Napoléon Bonaparte entre véritablement en contact pour la première fois avec
l’islam en 1798, lors de la campagne d’Egypte (1798-1801). Dès son arrivée, il
se montre intrigué par la culture du pays et tout particulièrement par la
tradition musulmane, l’appel à la prière et les enseignements coraniques.
Certains voient ce rapprochement comme une stratégie pour mieux s’imposer au
sein d’un peuple musulman et communiquer plus aisément avec les personnalités
locales. D’autres pensent au contraire que Bonaparte est réellement fasciné par
la personne de Mohammed et touché par la ferveur religieuse.

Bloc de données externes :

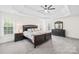 Spacious main bedroom with tray ceiling, lots of natural light and a dark wood furniture set at 14500 Harvington Dr, Huntersville, NC 28078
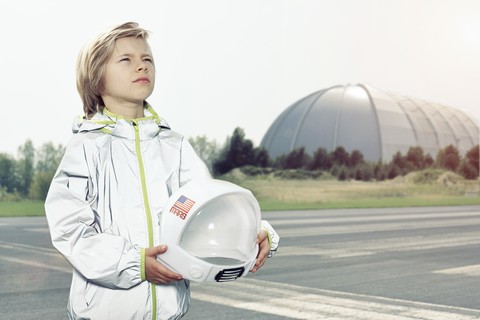 Als Raumfahrer verkleideter Junge schaut nach oben, lizenzfreies Stockfoto
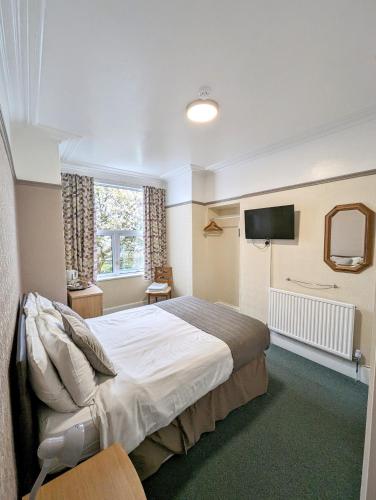 a bedroom with a bed and a flat screen tv at The George Guest House in Plymouth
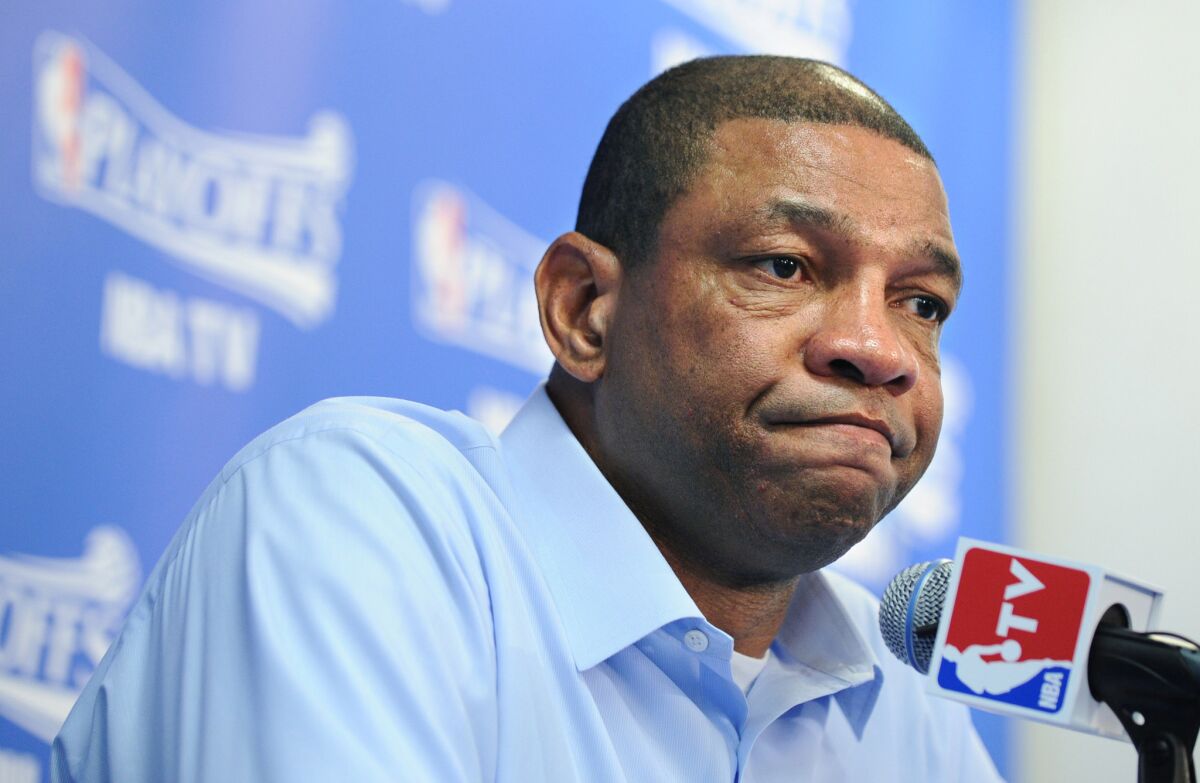 Clippers coach Doc Rivers speaks at a press conference.
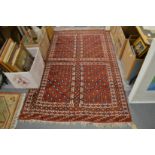 Persian rug, red ground with stylised decoration 200cm x 130cm.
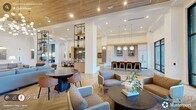 Located at 229 East Chatham Street in the heart of downtown Cary, NC, this expansive single-floor amenity space offers a thoughtfully designed environment that blends contemporary style with functional versatility. The welcoming lobby greets visitors with herringbone wood-look flooring, soaring ceilings, rich burnt-orange velvet lounge chairs, and a sleek elevator, with direct access to a private mailroom featuring decorative tilework and a green accent wall.

The open-plan living and social area is a standout, defined by a striking warm wood ceiling, a globe chandelier installation, and floor-to-ceiling black-framed glass walls that invite abundant natural light and views of an outdoor courtyard. Open black metal shelving units with curated greenery elegantly divide distinct seating zones without obstructing sightlines. A dramatic fireplace wall clad in rich textured stone anchors the living lounge, complete with comfortable sofas and a live-edge wood coffee table.

The dining area features a substantial wood communal table and access to the courtyard via glass doors, while semi-private booth seating with black metal framing and pendant lighting provides intimate spaces for focused work or casual gatherings. Throughout, the herringbone flooring, arched architectural details, and curated artwork create a cohesive, upscale ambiance suited for both community connection and productivity.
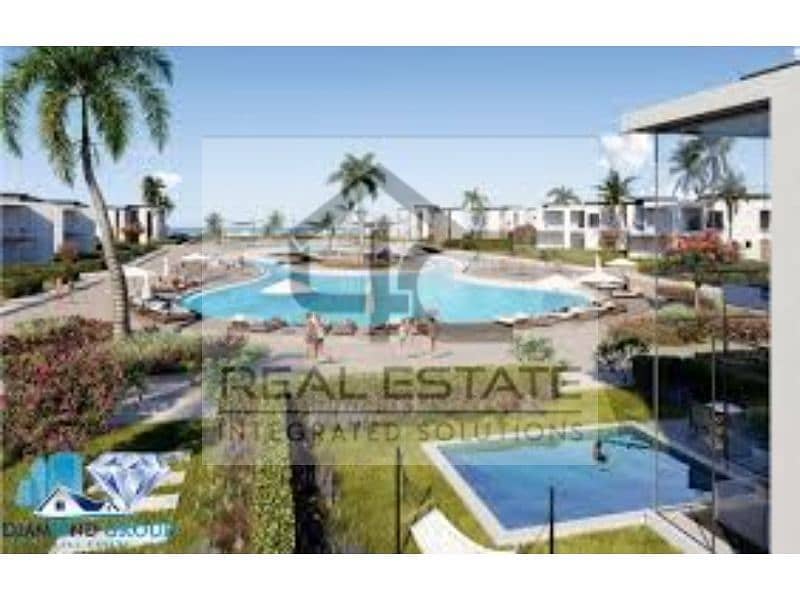 Chalet with old contract, lowest price, fully finished, second floor with elevator, double view, lagoon front and back 6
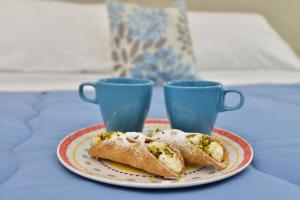 two pastries on a plate with two cups on a table at Appartamento Ortigia Vicolo Lettighieri 22 in Siracusa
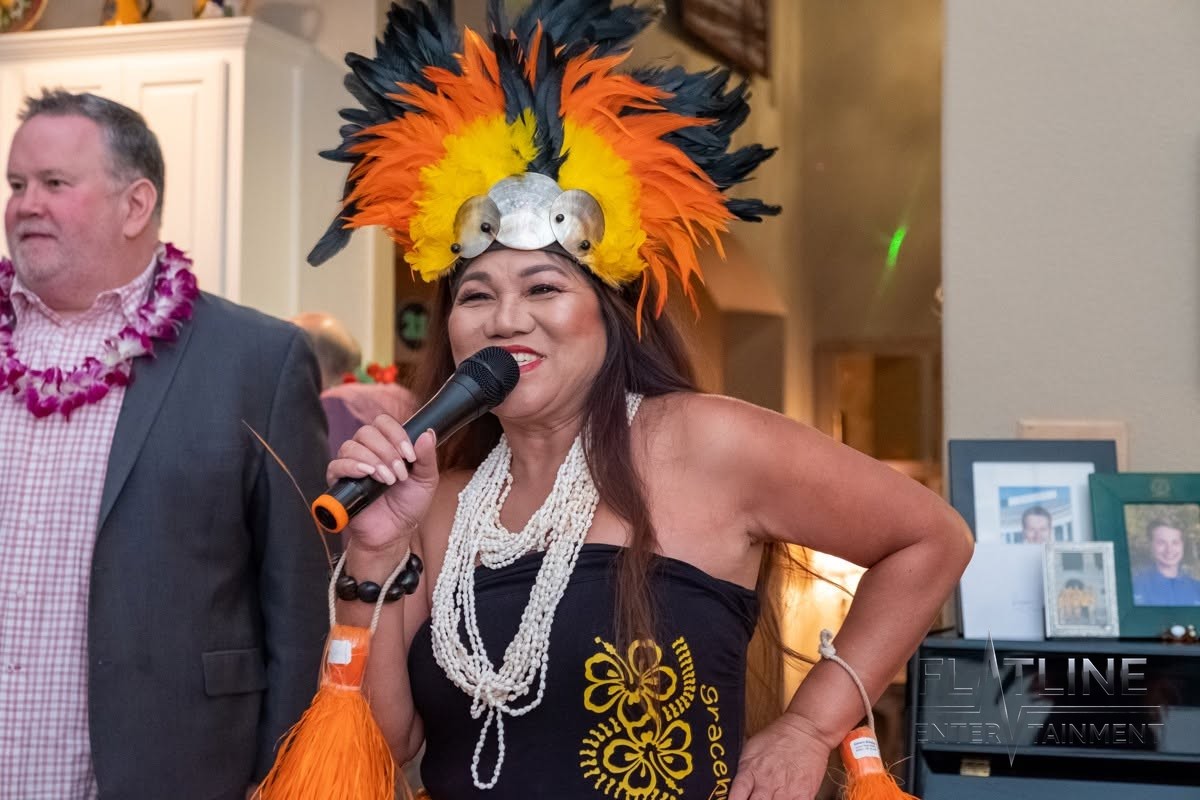 A hula dancer performing with a microphone at a birthday party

Dans une lettre
datant du 28 août 1798, il se confie au cheikh El-Messiri : « Le général Kleber
me rend compte de votre conduite et j’en suis satisfait. (...) J’espère que le
moment ne tardera pas où je pourrai réunir tous les hommes sages et instruits du
pays, et établir un régime uniforme, fondé sur les principes de l’Al-coran, qui
sont les seuls vrais et qui peuvent seuls faire le bonheur des hommes. »
(Lettre au Cheikh El-Messiri (11 fructidor an VI), Correspondance de
Napoléon Ier, Napoléon Bonaparte, éd. H. Plon, 1861, t. 4, partie Pièce
N° 3148, p. 420). Le chef de l’armée d’Orient, ayant perdu la quasi-totalité de
sa flotte à Aboukir, rentre discrètement en France le 23 août 1799, et laisse le
général Kléber en Egypte pour continuer le combat avec une armée diminuée.
Les confessions de Sainte Hélène
Bonaparte, devenu Napoléon 1er, redonne au catholicisme une vraie place dans
la société. Non pas par conviction comme le prouve par exemple son attitude
violente avec le pape Pie VII, mais par intérêt. Dans une correspondance, il
affirme en effet qu’« Une société sans religion est comme un vaisseau sans
boussole ». L’empereur pense qu’il s’agit d’un élément fondamental pour la
France, un facteur de paix sociale indispensable pour éviter les excès des
passions. "La religion chrétienne est celle d’un peuple très civilisé. Elle a
élevé l’homme ; elle proclame la supériorité de l’esprit sur la matière, de
l’âme sur le corps ; elle est née dans les écoles grecques ;elle est le triomphe
des Socrate, des Platon, des Aristide, sur les Flaminius, les Scipion, les
Paul-Emile." dictera encore Napoléon au Général Bertrand à Saint-Hélène...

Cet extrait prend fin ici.